Abu Mouhammad, 65, hugs his middle son Ahmad, maybe for the last time, before the 25-year-old boards a mid-sized wooden boat leaving from the north shore of Lebanon, near Tripoli, and headed somewhere toward the Mediterranean countries of Europe. Abu Mouhammad has not been able to bequeath his sons and daughters anything except the status of being “Palestinian non-IDs,” and so Ahmad was illegally migrating, off to seek a future elsewhere.
According to the Palestinian Central Bureau of Statistics, more than 174,000 Palestinians officially recognized as refugees live in Lebanon, while an estimated 4,000 more Palestinians are refugees in the country but do not have any official status. They are stateless – the so-called “non-IDs.”

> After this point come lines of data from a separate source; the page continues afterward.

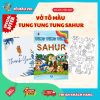 Vở tô màu Tung Tung Tung Sahur tập 2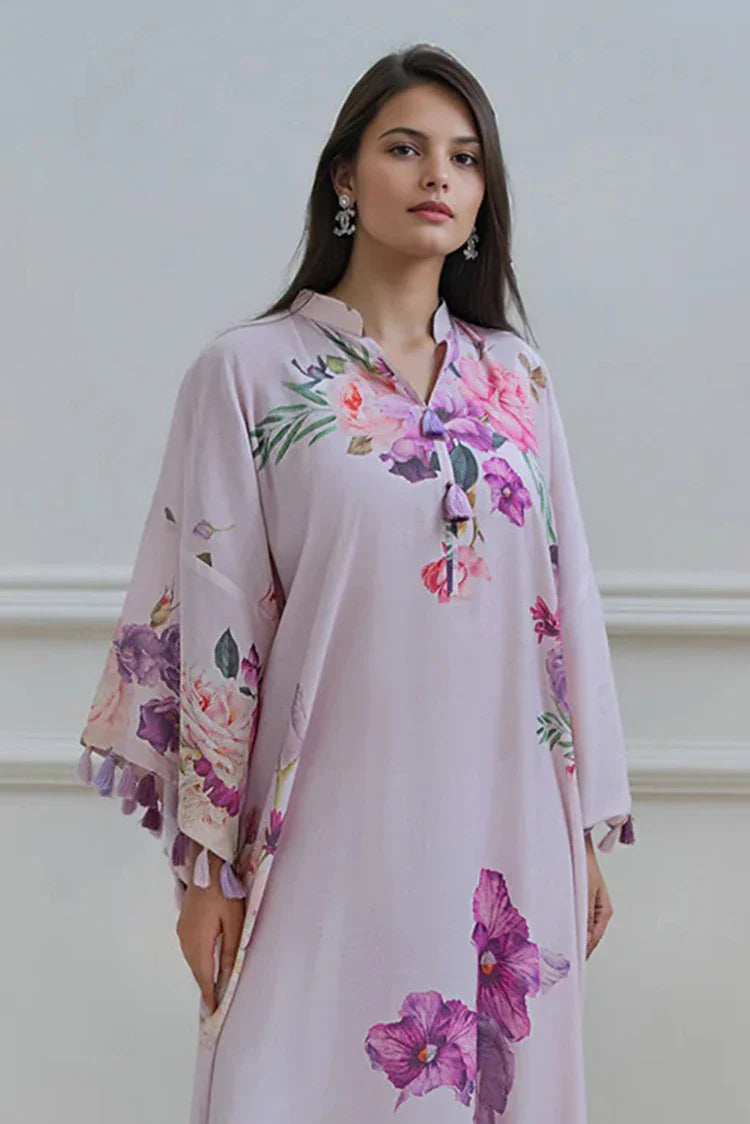 Picture of Threads & Motifs - Ready to Wear - Kaftan - 2 PC - 10056 - Available at Raja Sahib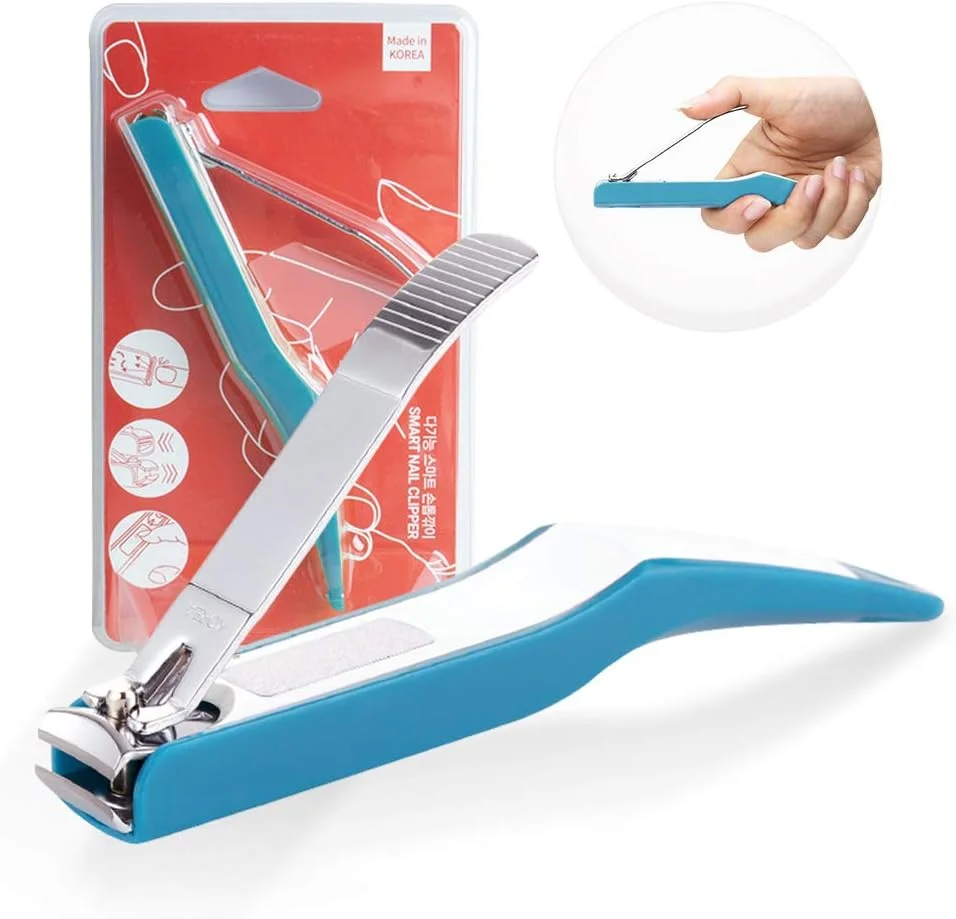 ناخن گیر هوشمند رویال ساخت کره با ویژگی های چندگانه مدل SMC-1، دارای محفظه جمع آوری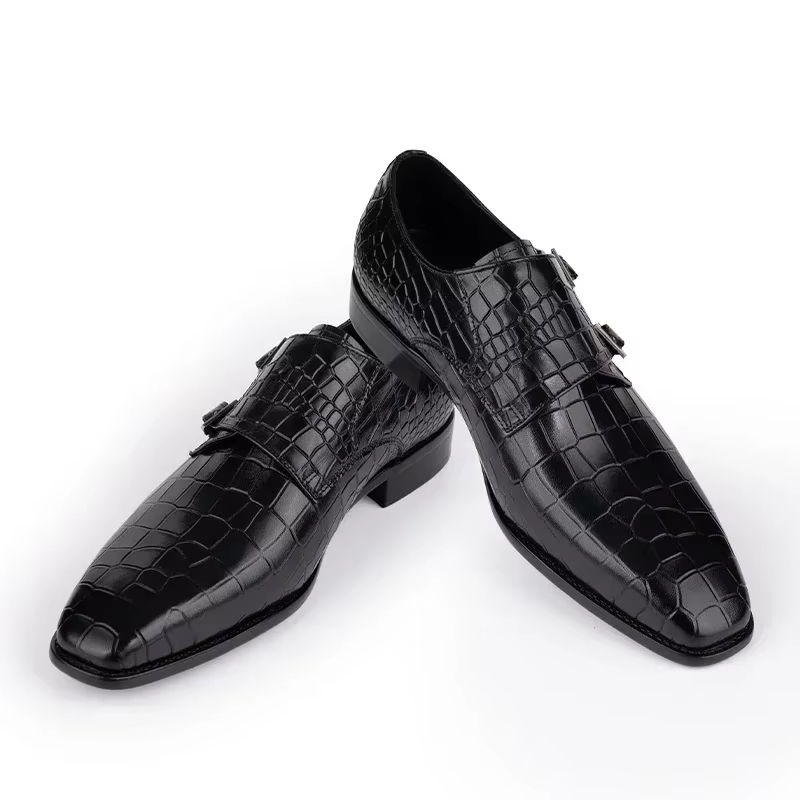 Herren-Slipper aus echtem Lede – Men'S Formal Party Wear Shoes Bewertung und Preis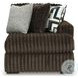 Midnight Madness Chocolate Brown 4 Piece Sectional with RAF Chaise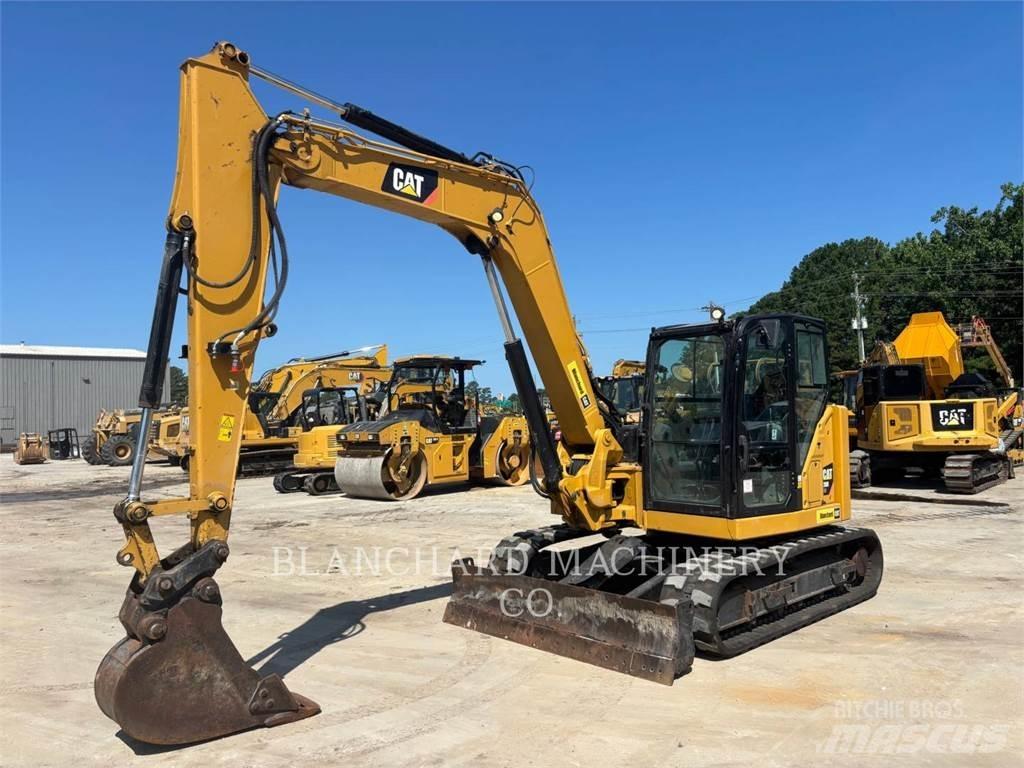 CAT 308CR Escavadoras de rastos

The statelessness problem arose when Israel conducted its Six-Day War in 1967, occupying the West Bank and Gaza. Afterward, many Palestinian freedom fighters based themselves in Jordan. After the Jordanian Civil War in 1970, these freedom fighters were forced out of the country, and many of them fled to Lebanon (many others went to Syria). Individuals from the West Bank held Jordanian passports, while those who were originally from the Gaza Strip held passports issued by the Egyptian administration. But the Jordanian and Egyptian authorities suspended the renewal of these IDs, and Lebanon did not issue new IDs to them. And so these refugees found themselves stateless.
Yet their lives in Lebanon went on. They married and had children but were unable to record and document their marriages or the births of their children. New generations of unrecognized refugees began coming into existence.
It is hard enough being a Palestinian refugee in Lebanon, because laws in the country restrict their involvement in society; for example, Palestinian refugees are prohibited from entering many professions. But having no identification makes living in Lebanon even more precarious. “Non-IDs — men, women and children — are exposed to arrest and imprisonment for surreptitious entry, though most of them are born in Lebanon and have never left its territories,” explains Souheila Sweid, a human rights activist.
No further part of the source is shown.